The Mandela Myth
I wrote yesterday in this space that Nelson Mandela was a great man, and I believe that. However, this 2009 Standpoint essay by Sarah Ruden needs to be attended to amid the hagiography. Nobody wants to hear it, but we need to bear it in mind. Ruden, a Quaker and a liberal, lived and worked in the new South Africa, and was by her own account a believer in the Mandela myth. But the brutal reality of post-apartheid South Africa sobered her. Excerpts:
The worship of Mandela amounts to a very determined worship of South Africans’ own self-will. Mandela’s cult cuts people loose, sanctifies whatever they feel like doing. I saw this most clearly in his attempts to change people’s behaviour. He would declare, for example, that men and women must share housework and childcare, or that parents who refused to send their children to school would go to jail. Naturally, he has railed against crime. Nothing ever happened. No one on the ground seemed to equate loving Mandela with doing anything he wanted done.

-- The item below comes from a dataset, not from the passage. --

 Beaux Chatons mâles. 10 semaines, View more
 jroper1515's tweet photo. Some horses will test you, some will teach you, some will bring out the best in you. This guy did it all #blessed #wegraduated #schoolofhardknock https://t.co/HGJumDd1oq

I would by no means single out the black majority here. The white buy-in to Mandela isn’t startlingly more enlightened, and its consequences may be more destructive. Suburbanites who revere him apply his lessons about the sanctity of aspiration and success in unconsciously ironic ways: Mandela is wonderful, most things are better now, we can do deals with the new government and take a six-week vacation in the Seychelles, but what does our gardener mean about wanting to be paid while we’re gone?
In Europe and the US, things can get dramatically worse, but not forever. That would seem to be against nature, as if people were only dying and not being born. In South Africa, between 1994 (the year of the first multiracial elections) and 2005, I saw everything go pear-shaped for the poor. I met the changes in the street. A little off the busiest part of downtown Cape Town one day, in front of a luxury car dealership, a shirtless teenage boy was stumbling along the sidewalk. Someone had blinded him and dug out pieces of his flesh with what might have been an apple corer. The car salesmen laughed at my demands that they help, but I insisted, and they called an ambulance. I sat on the curb with him and held his hand, waiting, imagining the rest of his life.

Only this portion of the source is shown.